Perhaps the most misunderstood holiday of the Neo-Pagan Wheel of the Year is Ostara. Many Pagans would be surprised to learn that the popular notions of its history and imagery are based upon Nineteenth Century conjecture and the scantest of historical evidence. This shouldn’t matter in terms of actual spiritual practice; just because something isn’t historical doesn’t preclude it from being the basis for meaningful spirituality. But understanding the development of the holiday should matter, if only to dispel commonly-held misconceptions about its’ history.
The history of the modern Ostara is a knotty one. Its roots stretch back into the distant Proto-Indo-European past, while its practice has been influenced by the Christian Easter, Jacob Grimm, and the Neo-Pagan movement of the mid-Twentieth Century. But before we can begin examining its’ origins and development, we must mention the beliefs commonly held about Ostara. The most prevalent is that Ostara is named after Eostre, an Anglo-Saxon goddess of the dawn, and that she may have been a variant of Ishtar or Astarte . Another popular claim is that the Easter bunny and the Easter egg are re-appropriated Pagan symbols of fertility associated with Eostre and Her holiday, and that they can trace their roots back to Ishtar. Still another holds that the Easter bunny is derived from a lunar hare seen in both far- and near-Eastern mythologies . Following this view, the modern Ostara seeks to honor Eostre and the arrival of Spring by celebrating the fertility now showing itself in the land around us, often appropriating the “bunny and egg” imagery used by the modern western Easter.
The problem with this interpretation is that much of it is historically unfounded. So what, then, do we know about historical Ostara and Spring Equinox traditions? Where did our popular ideas about Ostara come from? And how did we come to develop them into the holiday that is familiar to so many Pagans today?

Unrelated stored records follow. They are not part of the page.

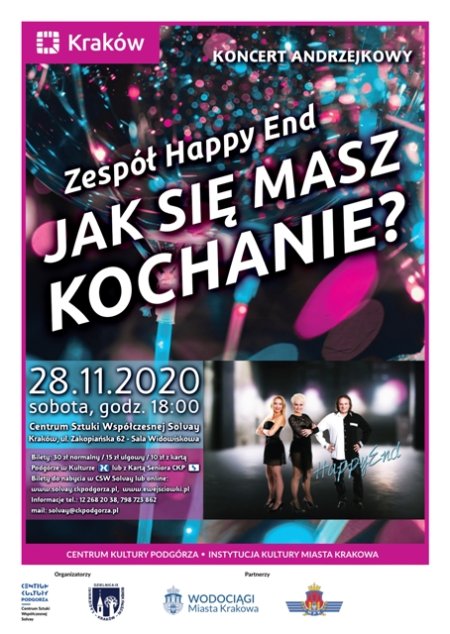 Koncert Andrzejkowy - Jak się masz kochanie? /Zespół Happy End - koncert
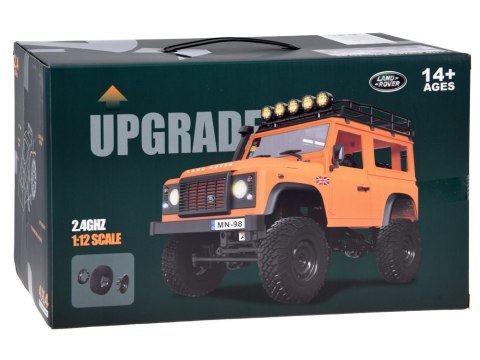 Samochód zdalnie sterowany 2w1 LAND ROVER Defender 90 4x4 Skala 1:12 RC0761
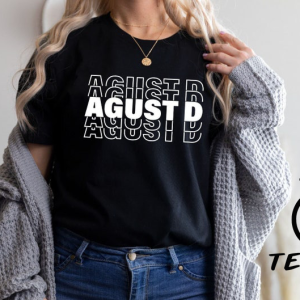 Agust D Shirt, Agust D World Tour Shirt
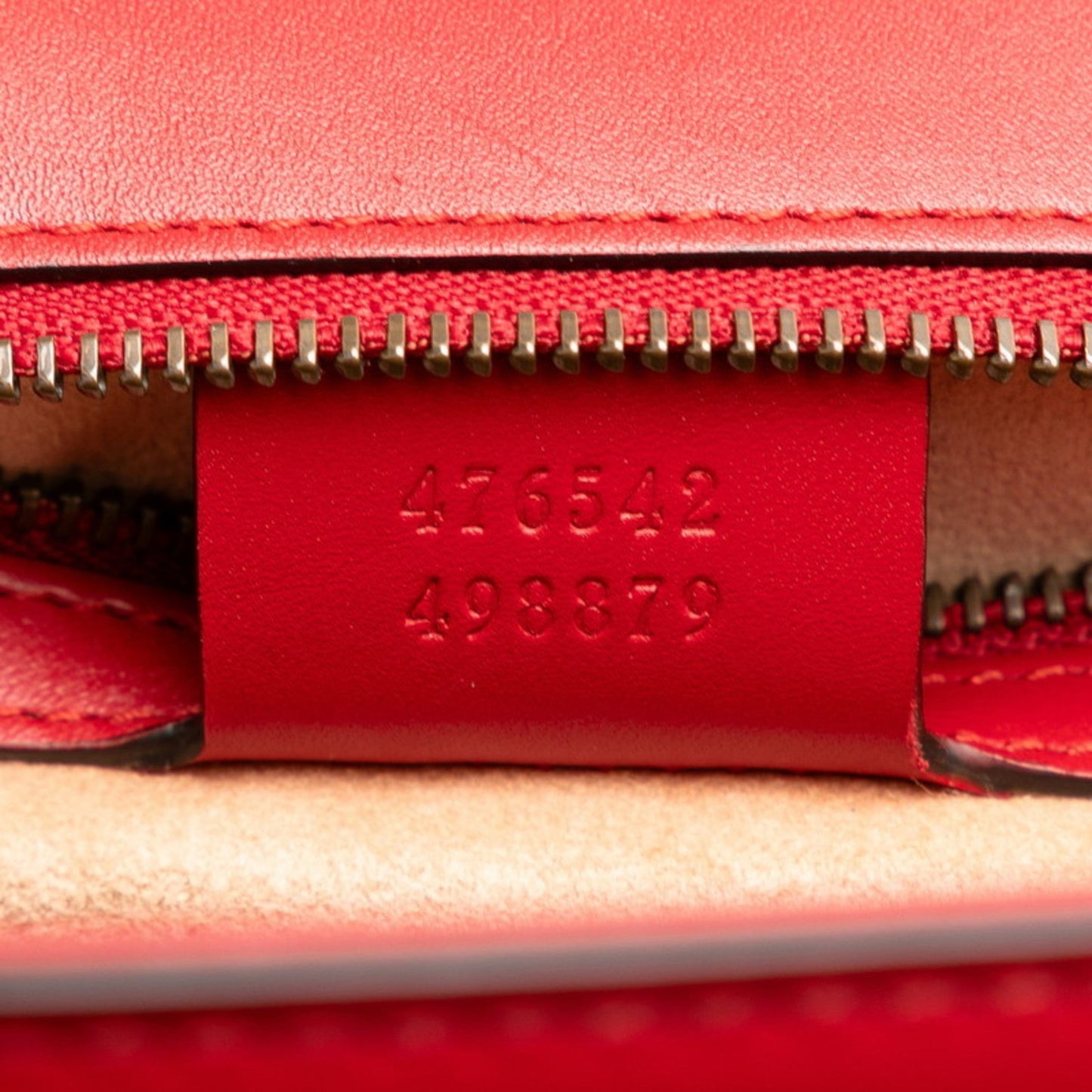 Gucci Navy Red Color White Leather Shoulder Bag ( )
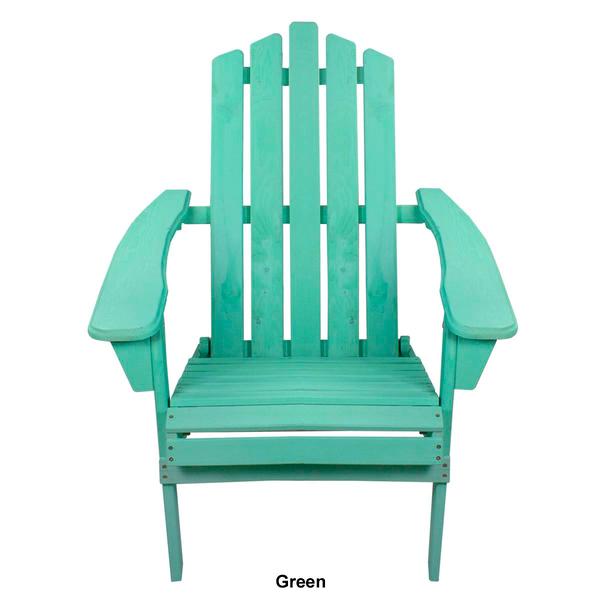 Northlight Classic Folding Wooden Adirondack Chair alternate view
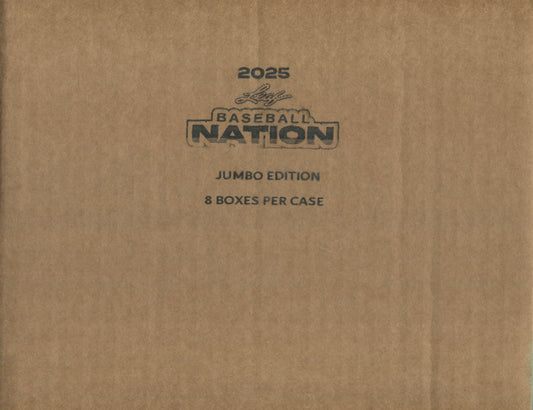 2025 Leaf Baseball Nation Jumbo, 8 Box Case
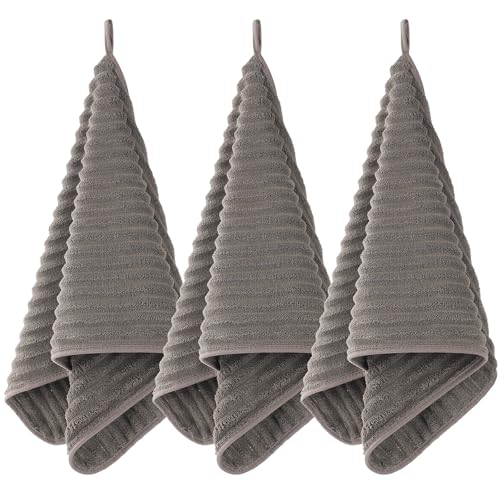 Luxury 3-Piece Quick-Dry Bath Towel Set – Ultra Soft Microfiber Towels for Bathroom, Pool, Gym & Travel – Elegant Twill Design(14”x 29.6”) - color: 3coffee
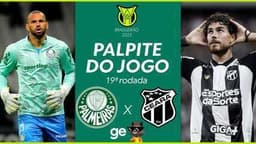 Palmeiras enfrenta Ceará em meio a protestos da torcida pelo desempenho do time. Reprodução: Globo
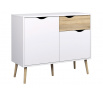Komoda RETRO 387, Bílá/Dub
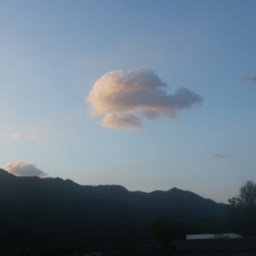 바람 따라 쌩쌩 날아가는 구름 비행기 | 시골집 풍경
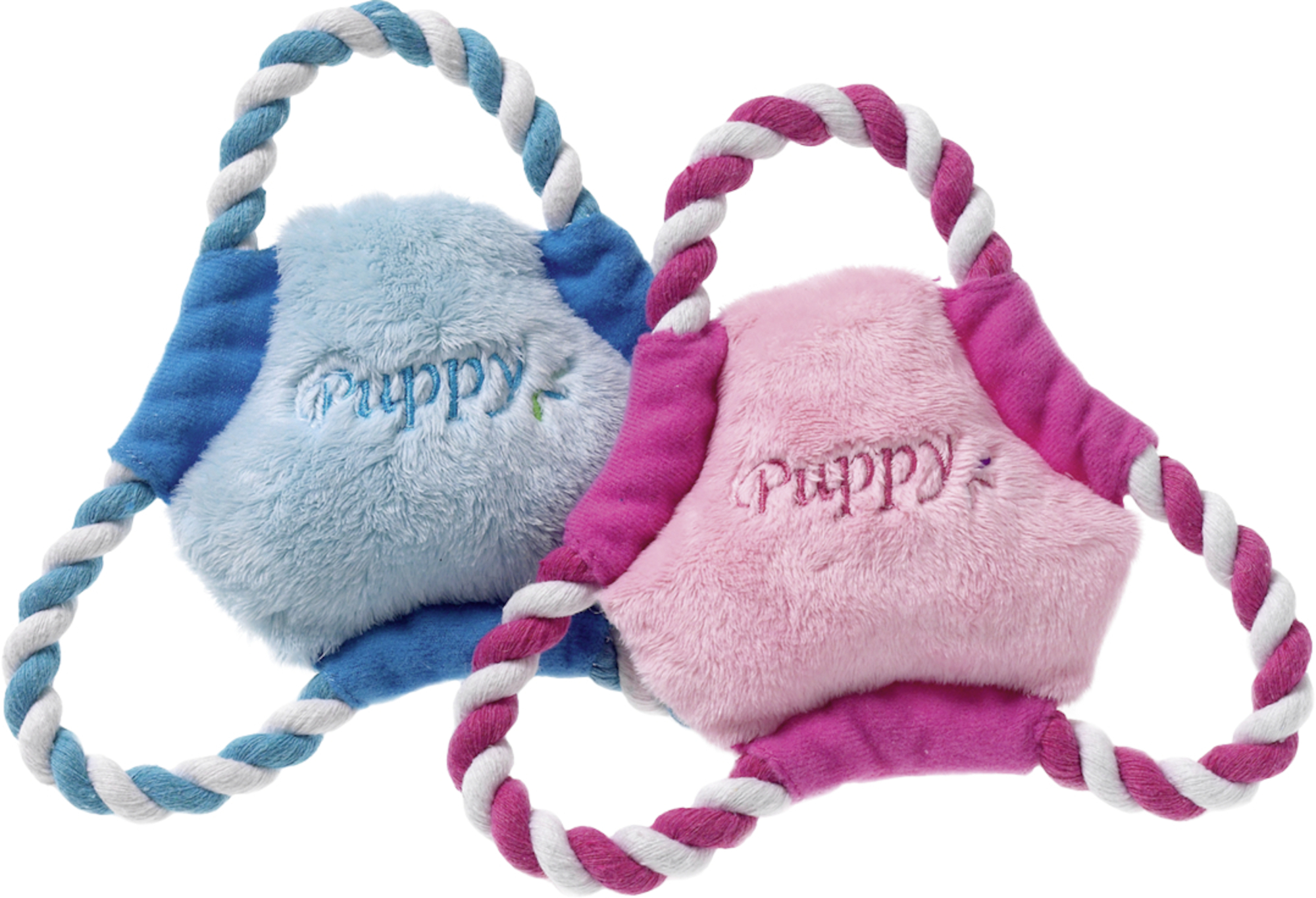 Flamingo Speelgoed Puppy Boban Frisbee voor puppy's met touw Meerdere kleuren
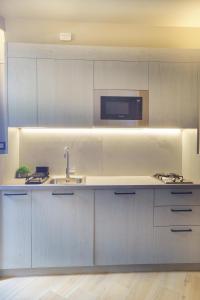 Kuchyň nebo kuchyňský kout v ubytování Atarassia suite luxury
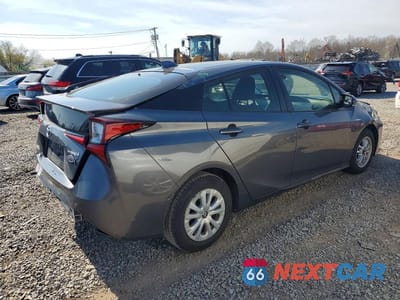 Trzecie zdjęcie samochodu z tyłu: 2020 TOYOTA PRIUS LE VIN:JTDKARFU7L3119364 - miniatura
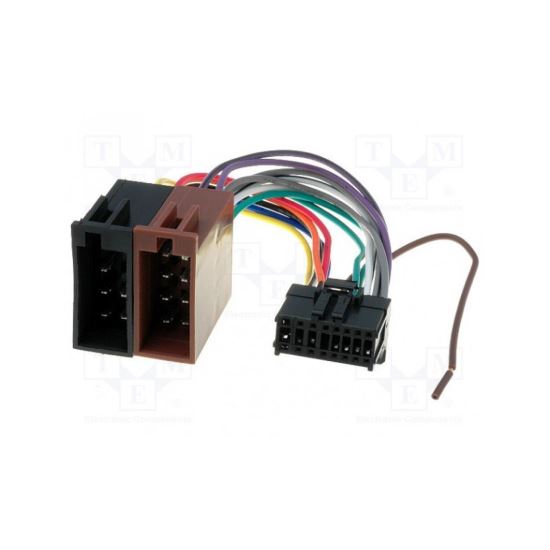 Conector ISO, Pioneer, pin 16, negru, model AVH, DEH P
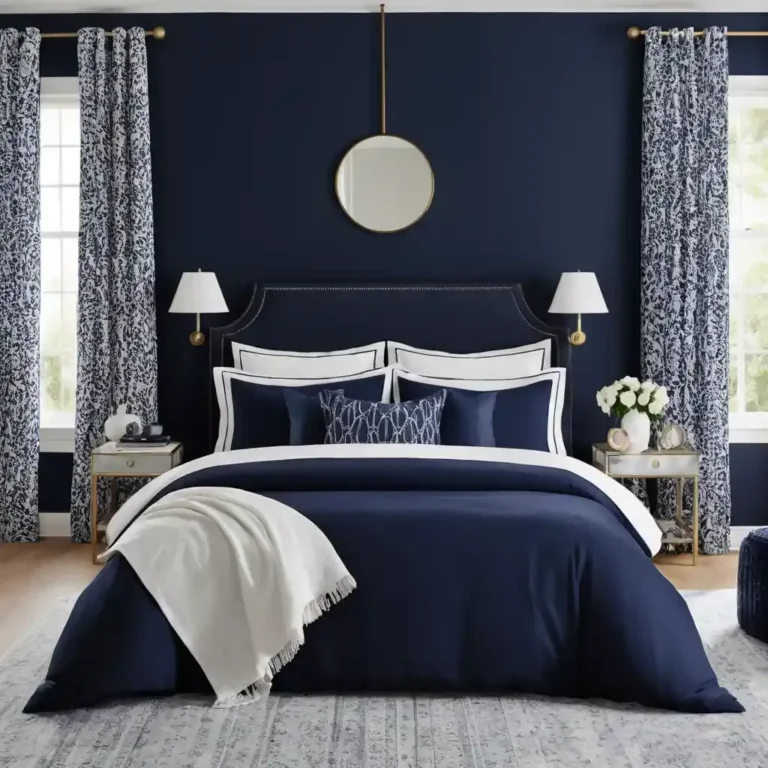 52 Chic Navy Blue Bedroom Ideas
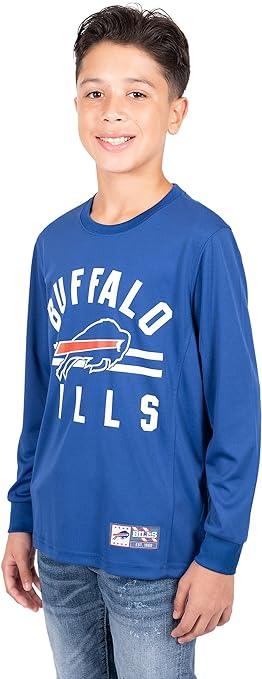 Ultra Game NFL Buffalo Bills Youth Super Soft Supreme Long Sleeve T-Shirt|Buffalo Bills - UltraGameShop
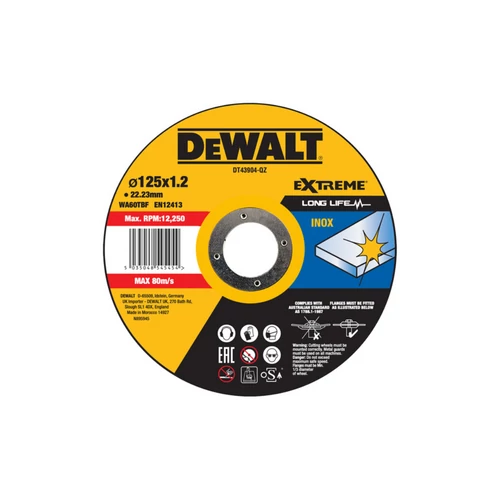 DeWalt Extreme inox vágókorong 125×1,2 mm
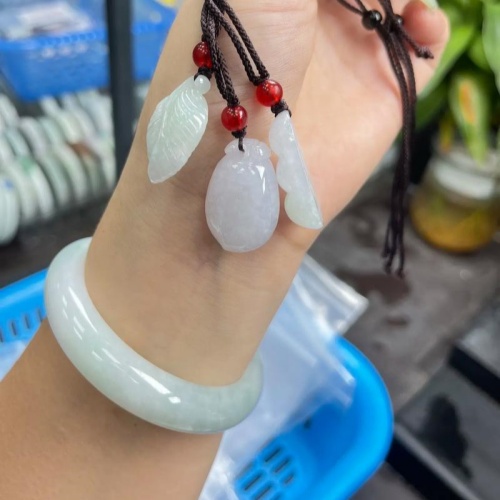Jade Bangles and Pendants
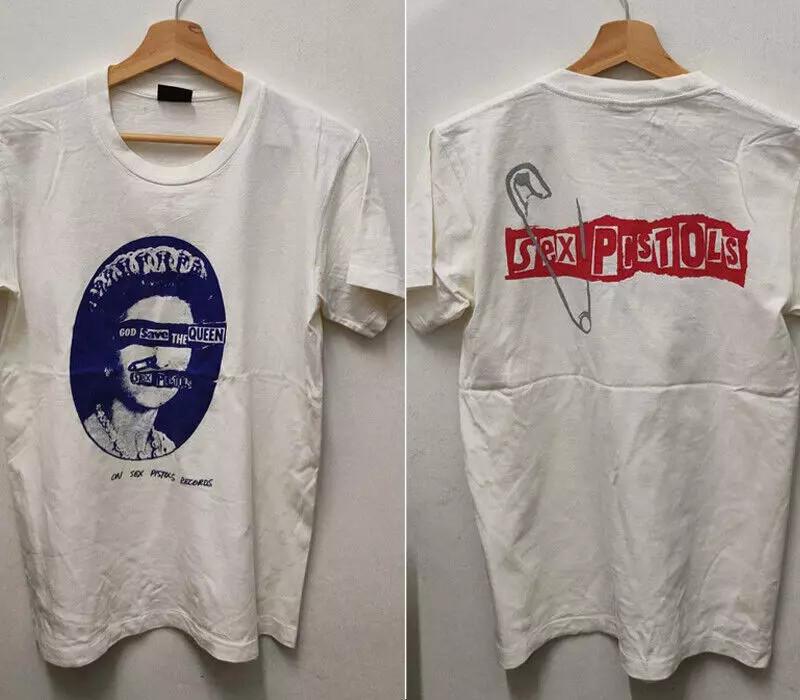 Gott schütze... Sex Pistols' T-Shirt 2-seitiges Kurzarm-T-Shirt Unisex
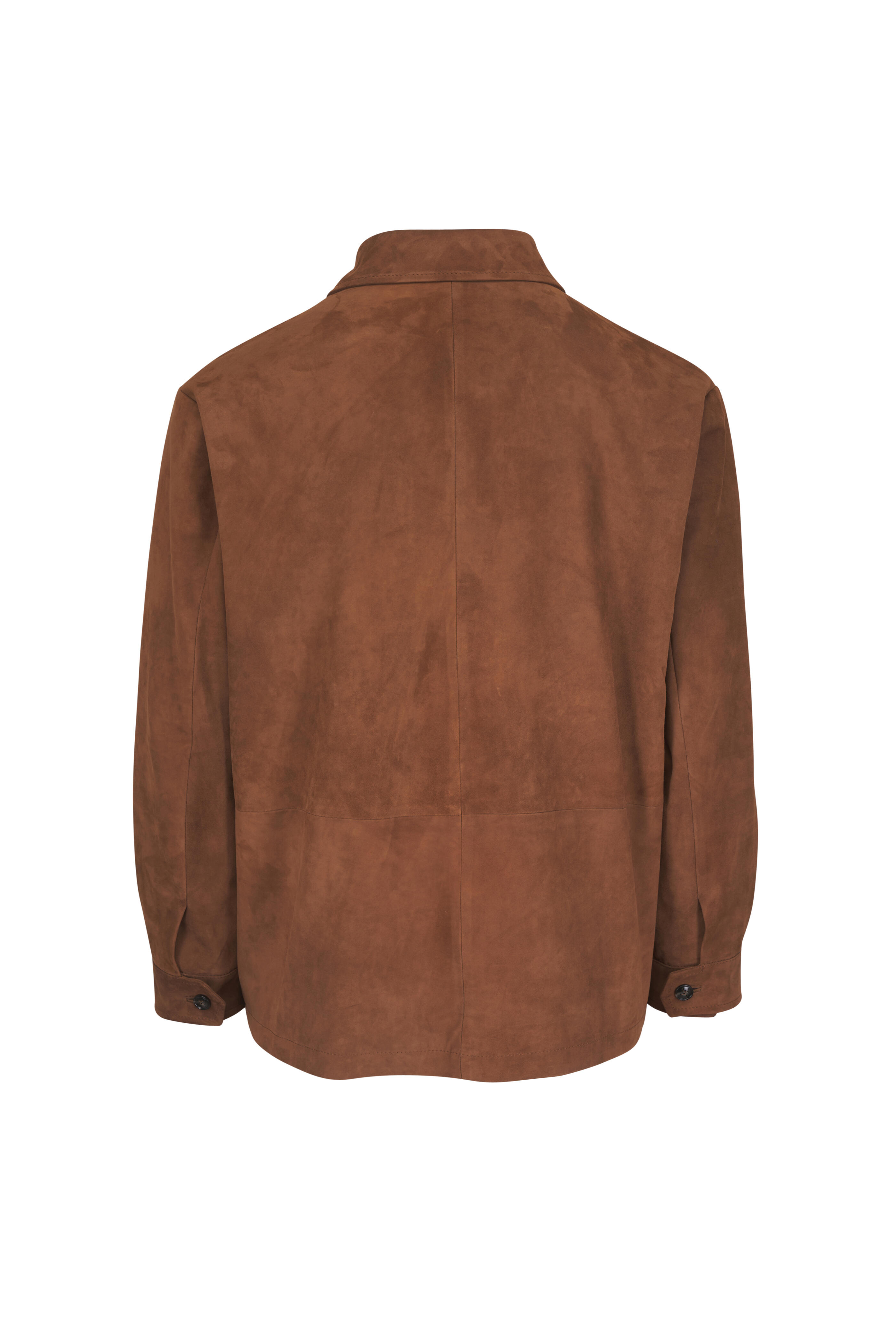 Kiton - Brown Suede Jacket - view 2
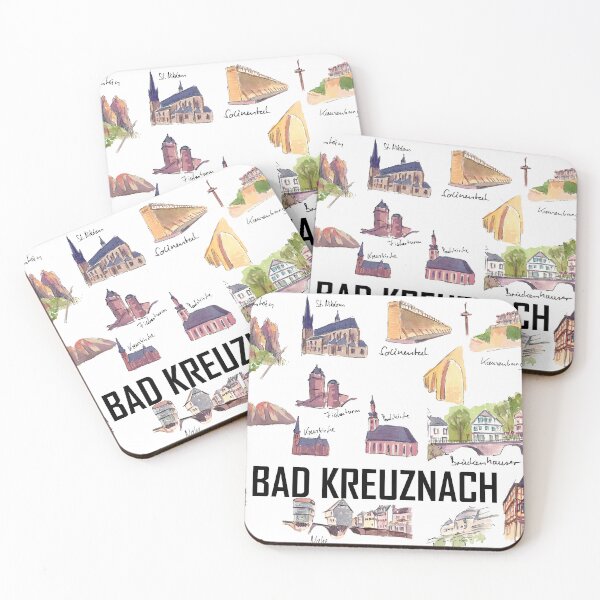 Item preview, Bad Kreuznach Germany Illustrations with Travel Plans, Highlights and Memories designed and sold by artshop77.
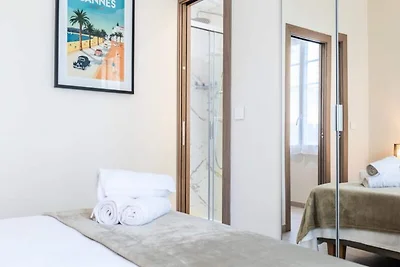 Apartment in Cannes mit privatem Garten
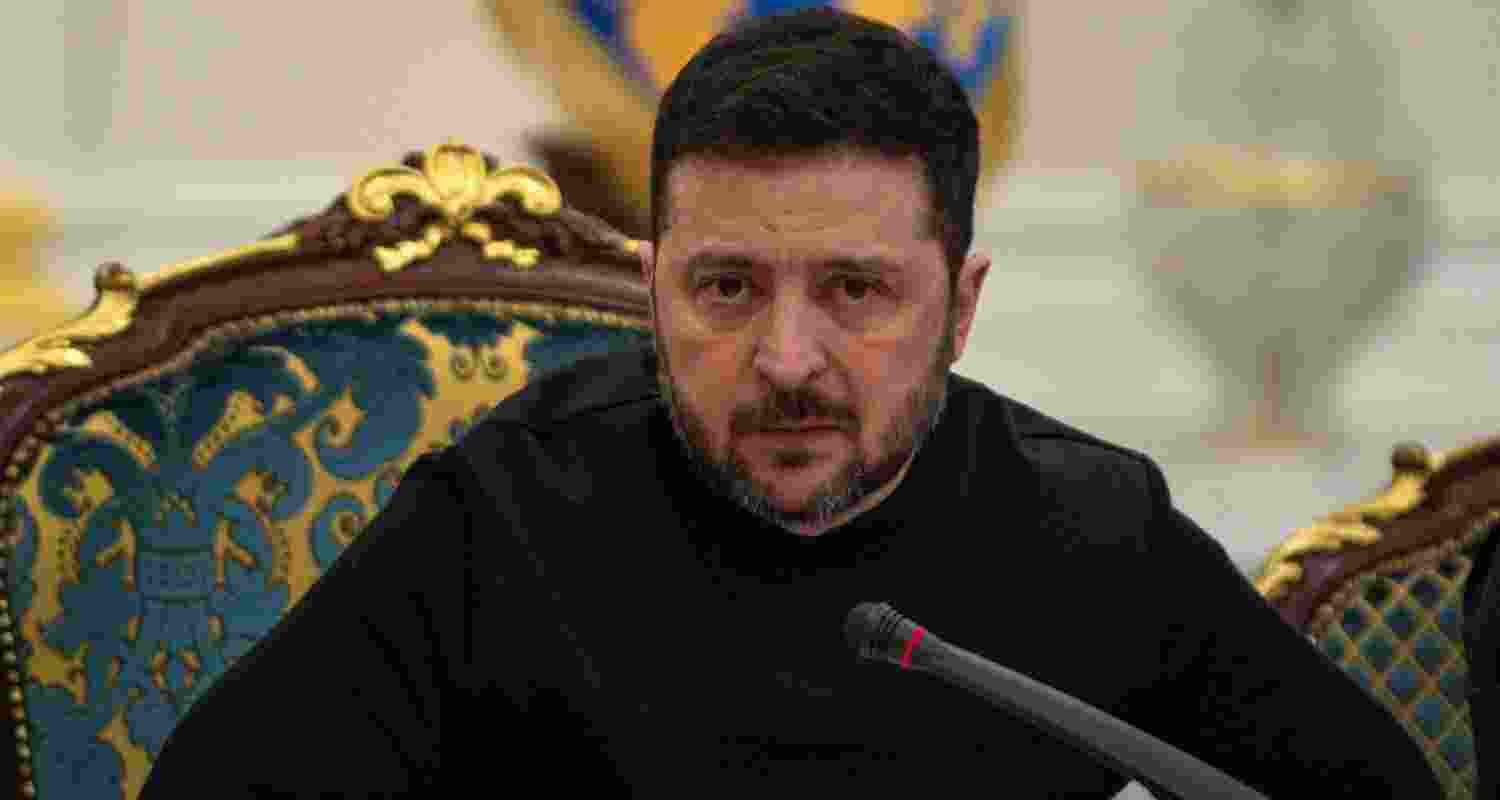 Ukrainian President Volodymyr Zelenskyy.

There is no doubt that the Spring Equinox held significance amongst a number of ancient Indo-European and near-Eastern religions, with the Romans, Persians, and Babylonians all beginning their calendar years around that time . The Salii, an order of priests dedicated to Mars, would hold public festivals on March 1 in ancient Rome . In Babylonia, this was the time for the Akitu, a spring festival centered on the imprisonment then escape of the God Marduk and His subsequent marriage to the Earth Goddess Ishtar ,
Arriving at “Bet Akitu”, god Marduk begins to celebrate with both the upper and nether world gods (the statues of gods were arranged around a huge table such as in a feast) then Marduk returns to the city at night celebrating his marriage to goddess “Ishtar” where earth and heaven are united, and as the gods unite so is this union arranged on earth. Thus the king personifies this union by playing the role of marrying the highest priestess of the Esagila where they would both sit at the throne before the population and they recite special poems for the occasion. This love is going to bring forth life in spring.